▶ _Data for review_:
• • •

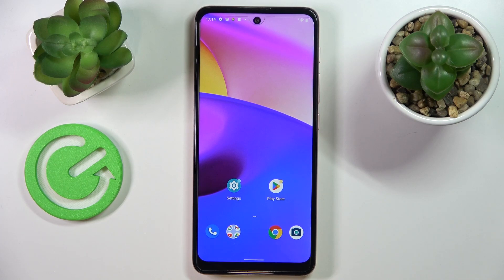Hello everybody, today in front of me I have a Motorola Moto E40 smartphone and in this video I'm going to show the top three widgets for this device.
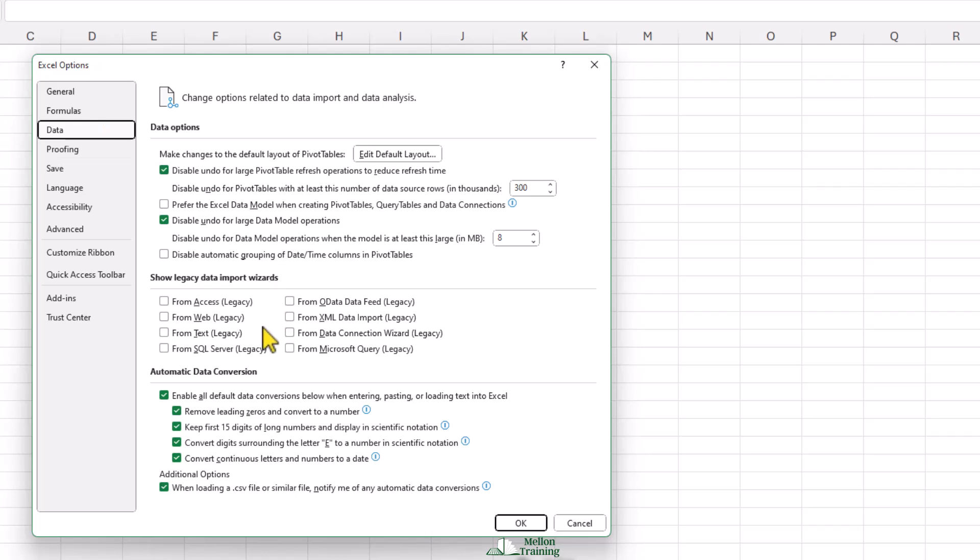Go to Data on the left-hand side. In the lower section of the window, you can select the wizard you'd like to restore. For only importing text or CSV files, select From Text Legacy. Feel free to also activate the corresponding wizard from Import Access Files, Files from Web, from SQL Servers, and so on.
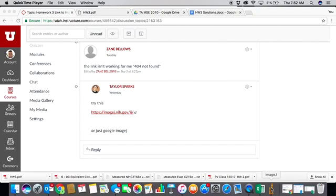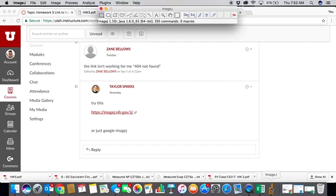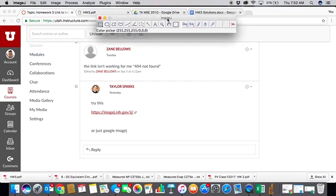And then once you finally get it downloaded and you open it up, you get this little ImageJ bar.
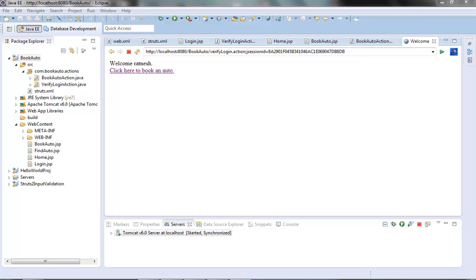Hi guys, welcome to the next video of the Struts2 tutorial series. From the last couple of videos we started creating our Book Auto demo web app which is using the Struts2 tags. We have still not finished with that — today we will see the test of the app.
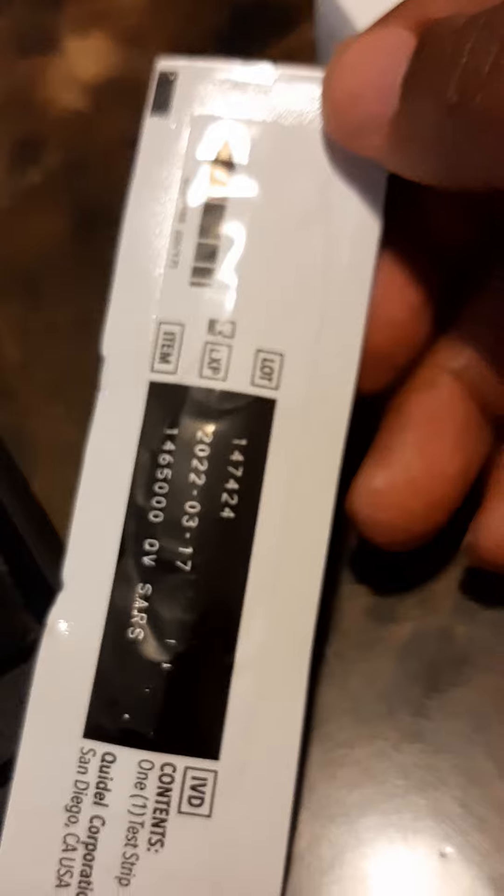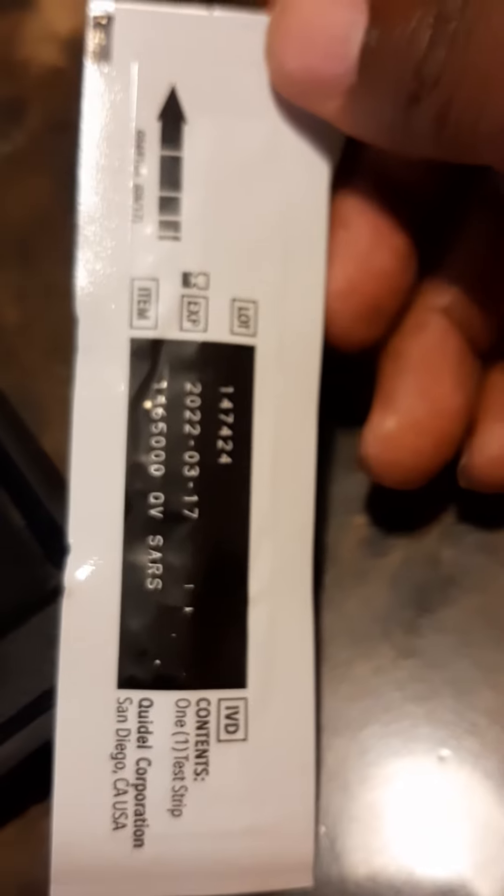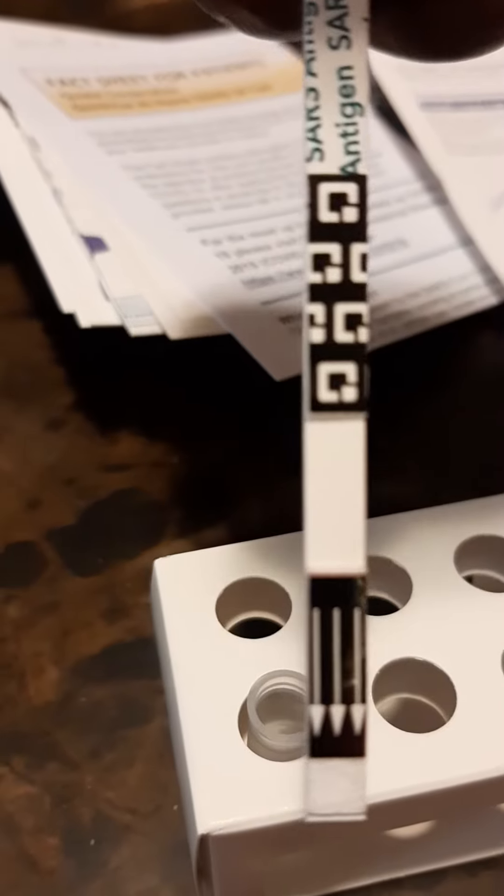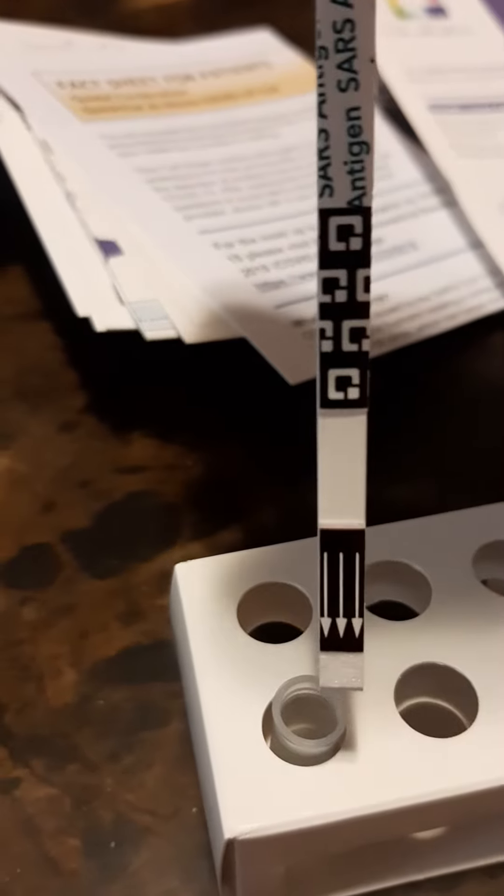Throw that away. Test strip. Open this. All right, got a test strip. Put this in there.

• • •

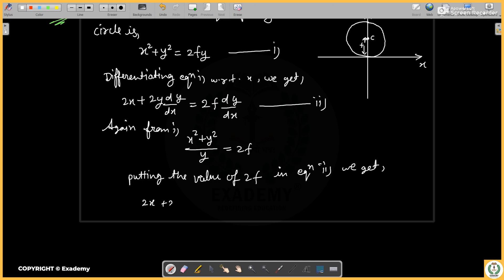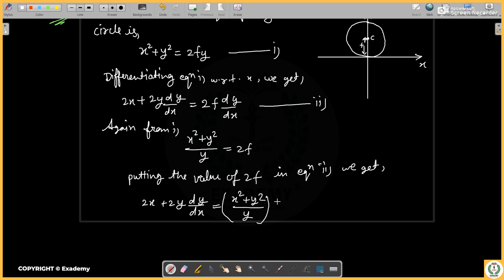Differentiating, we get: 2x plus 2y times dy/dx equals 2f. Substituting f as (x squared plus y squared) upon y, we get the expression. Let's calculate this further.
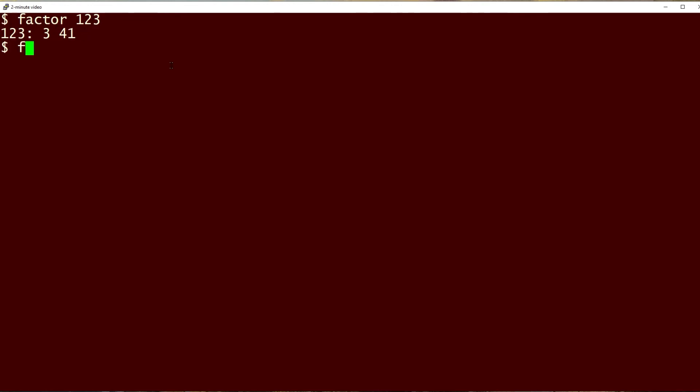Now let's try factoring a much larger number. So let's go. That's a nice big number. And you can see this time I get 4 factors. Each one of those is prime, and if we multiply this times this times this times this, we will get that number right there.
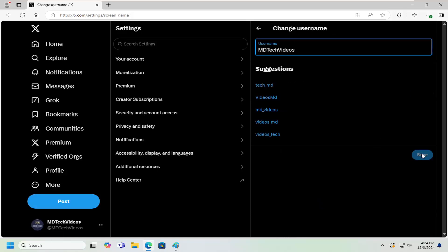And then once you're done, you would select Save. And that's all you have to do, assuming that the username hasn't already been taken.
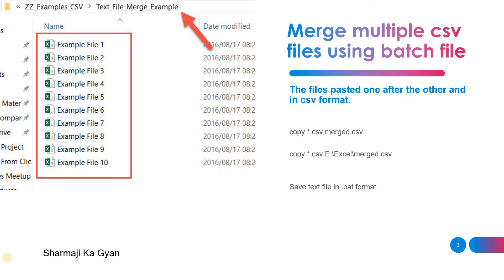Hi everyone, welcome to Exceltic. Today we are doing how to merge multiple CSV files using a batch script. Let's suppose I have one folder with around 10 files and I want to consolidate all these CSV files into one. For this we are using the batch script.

• • •

▶ _What needs to be done_:
Although the records above contain pictures, the copy must not; set down exactly the lines from the one with "Hello everybody, today" up to and including the one with "Throw that away.".

▶ _The completed task_:
Hello everybody, today in front of me I have a Motorola Moto E40 smartphone and in this video I'm going to show the top three widgets for this device.
Go to Data on the left-hand side. In the lower section of the window, you can select the wizard you'd like to restore. For only importing text or CSV files, select From Text Legacy. Feel free to also activate the corresponding wizard from Import Access Files, Files from Web, from SQL Servers, and so on.
And then once you finally get it downloaded and you open it up, you get this little ImageJ bar.
Hi guys, welcome to the next video of the Struts2 tutorial series. From the last couple of videos we started creating our Book Auto demo web app which is using the Struts2 tags. We have still not finished with that — today we will see the test of the app.
Throw that away. Test strip. Open this. All right, got a test strip. Put this in there.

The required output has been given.